▸ **Activity**:
Every line of the material is to be transcribed verbatim, with images omitted.
__________________________________________________
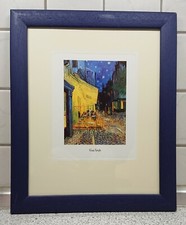 Bild Kunstdruck - Vincent van Gogh - Cafe d-Arles - Cafeterasse am Abend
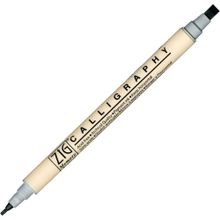 Zig Scroll Brush 091 Platinum Kaligrafi Kalemi
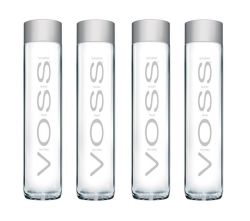 Voss Water Bottled Still Water 375ML In Glass Bottle - Pack Of 4
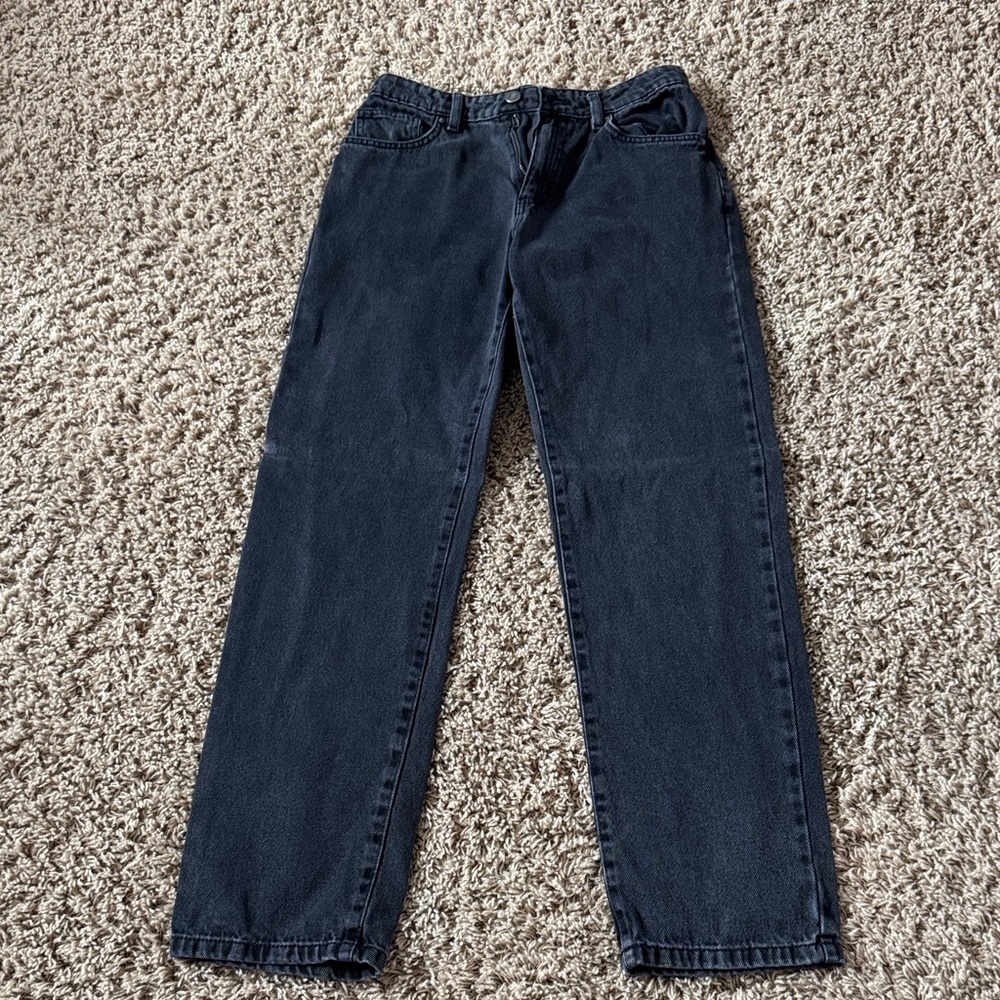Cotton On Women's Straight Leg Jeans - Dark Blue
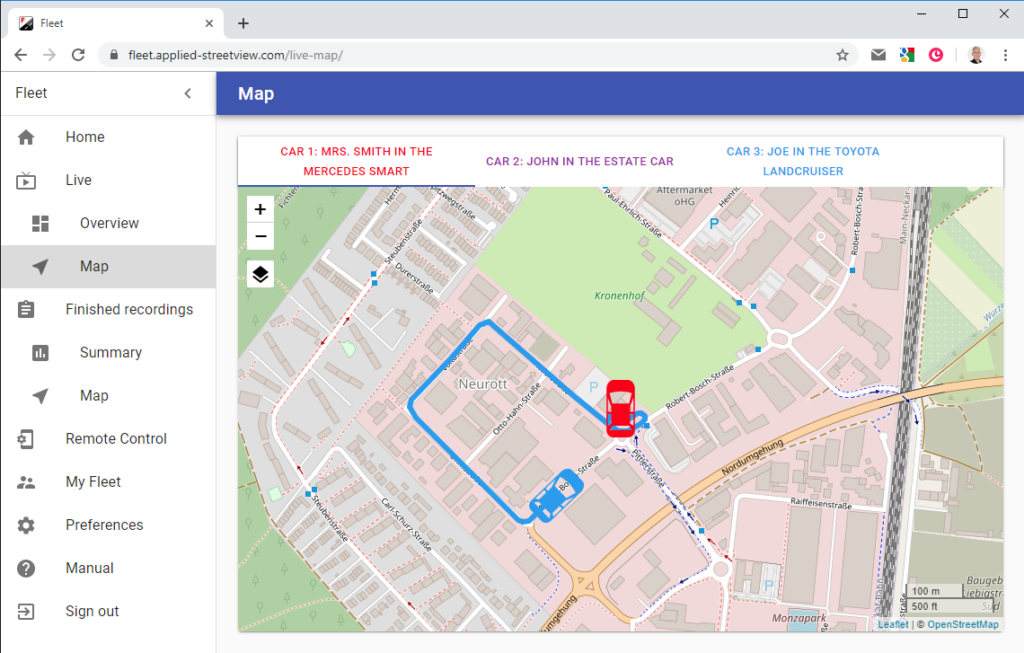 Live-Map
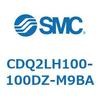 CDQ2LH100-100DZ-M9BA 薄形シリンダ CDQ2LH100 SMC 53141121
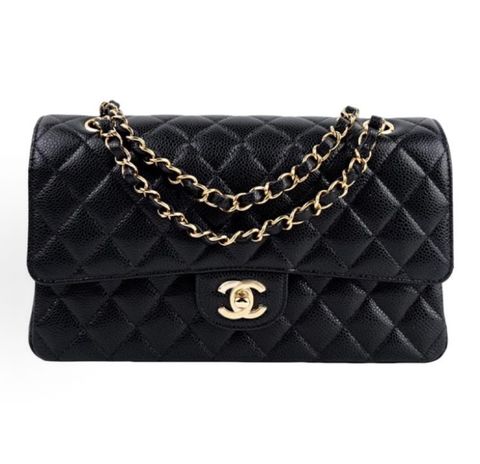 CHANEL Small Classic Handbag A01113 Y01864 C3906 Black grained calfskin gold hardware CHANEL A01113 Black Classic Flap grained calfskin gold tone metal handbag CHANEL Small Classic Handbag Black Burgundy quilted calfskin A01113Y01864C3906
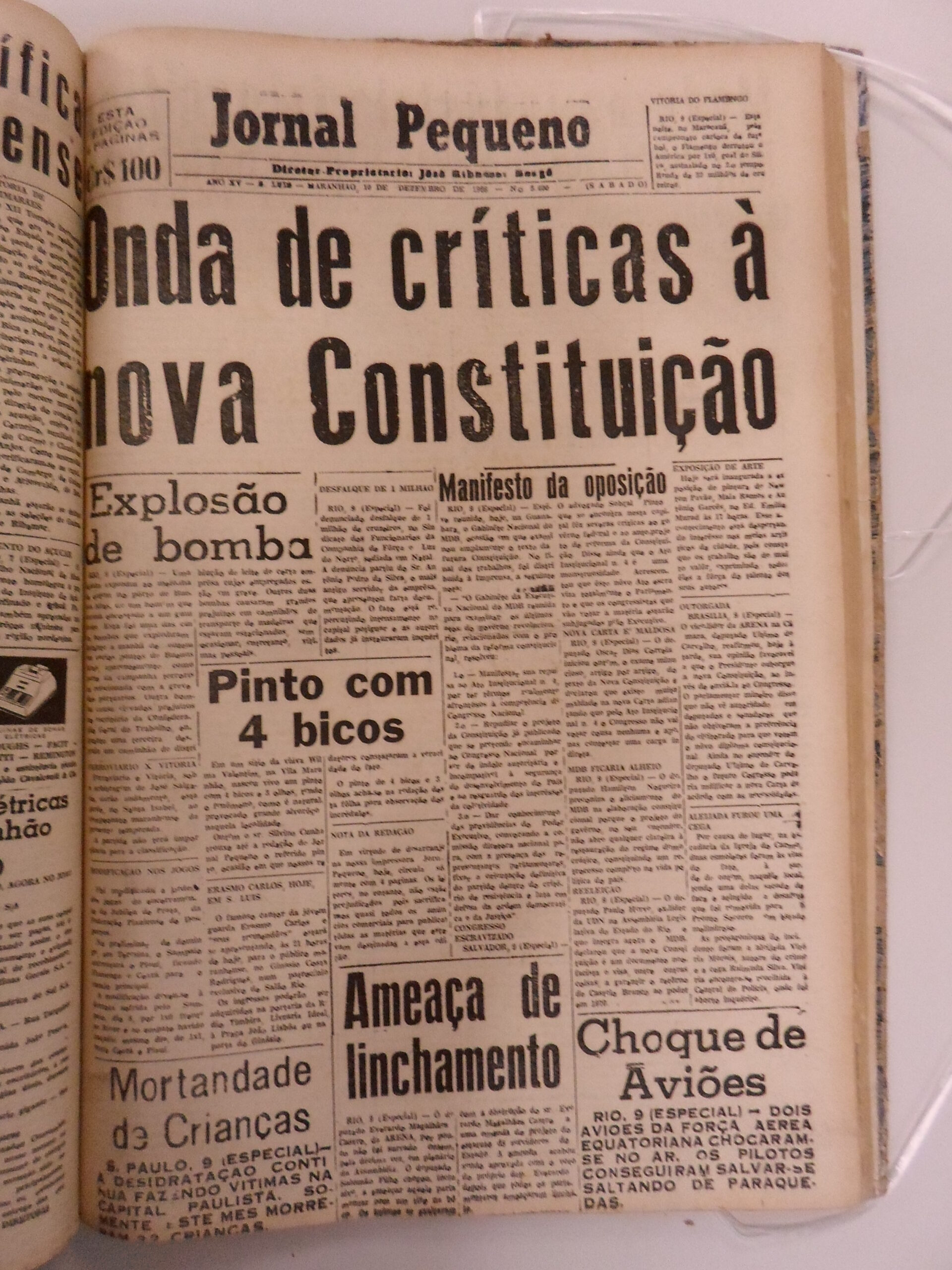 Imagem não encontrada ou não existe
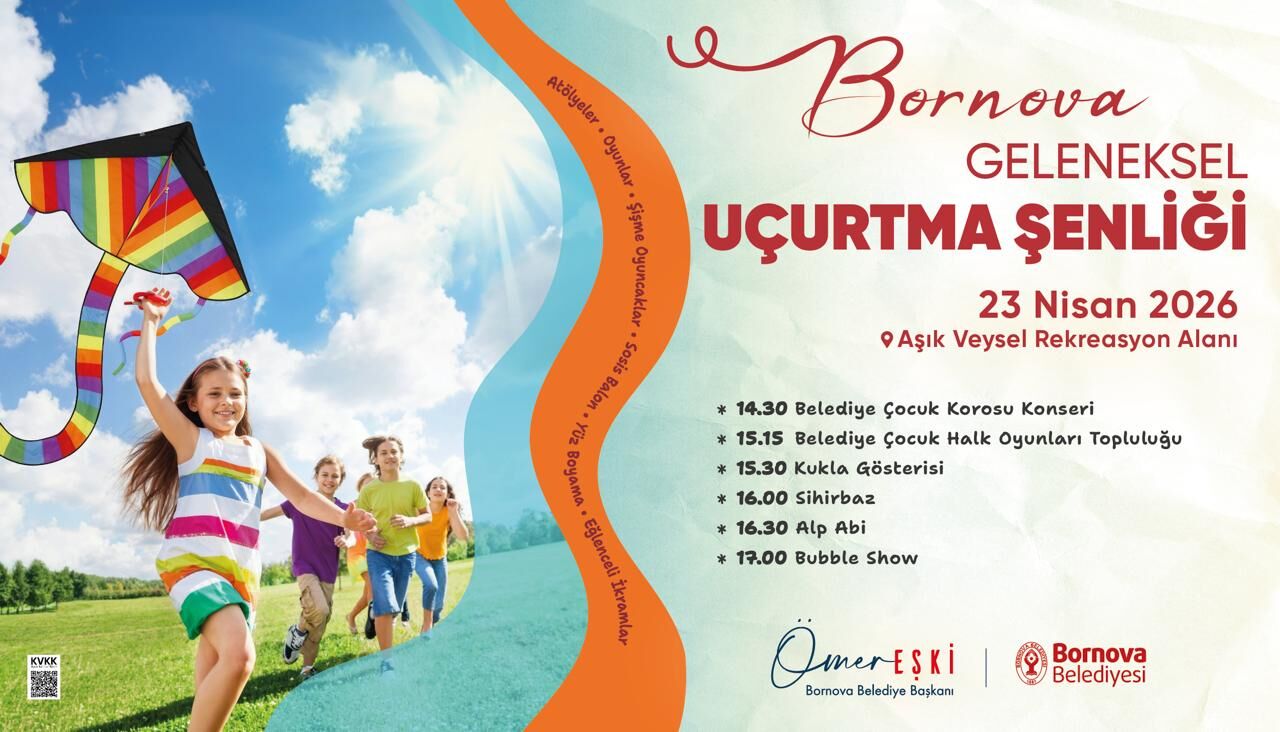 Ucurtma Senligi Afis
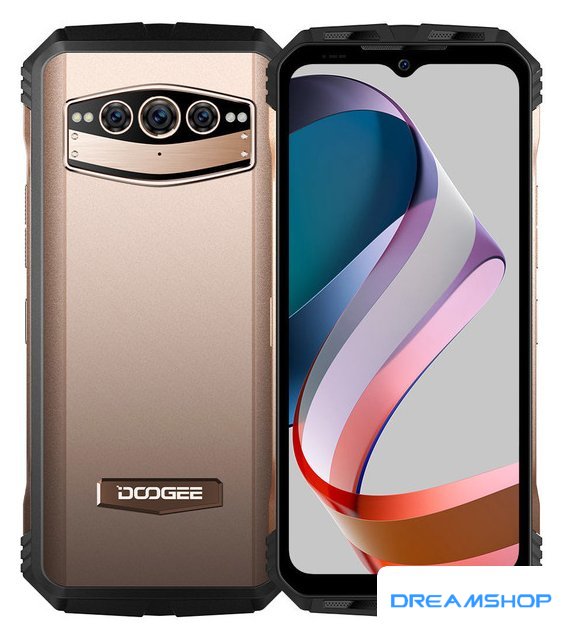 Imagen de Смартфон Doogee V30T 12GB/256GB (золотистый)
__________________________________________________
▸ **Result of the exercise**:
 Bild Kunstdruck - Vincent van Gogh - Cafe d-Arles - Cafeterasse am Abend
 Zig Scroll Brush 091 Platinum Kaligrafi Kalemi
 Voss Water Bottled Still Water 375ML In Glass Bottle - Pack Of 4
Cotton On Women's Straight Leg Jeans - Dark Blue
 Live-Map
 CDQ2LH100-100DZ-M9BA 薄形シリンダ CDQ2LH100 SMC 53141121
 CHANEL Small Classic Handbag A01113 Y01864 C3906 Black grained calfskin gold hardware CHANEL A01113 Black Classic Flap grained calfskin gold tone metal handbag CHANEL Small Classic Handbag Black Burgundy quilted calfskin A01113Y01864C3906
 Imagem não encontrada ou não existe
 Ucurtma Senligi Afis
 Imagen de Смартфон Doogee V30T 12GB/256GB (золотистый)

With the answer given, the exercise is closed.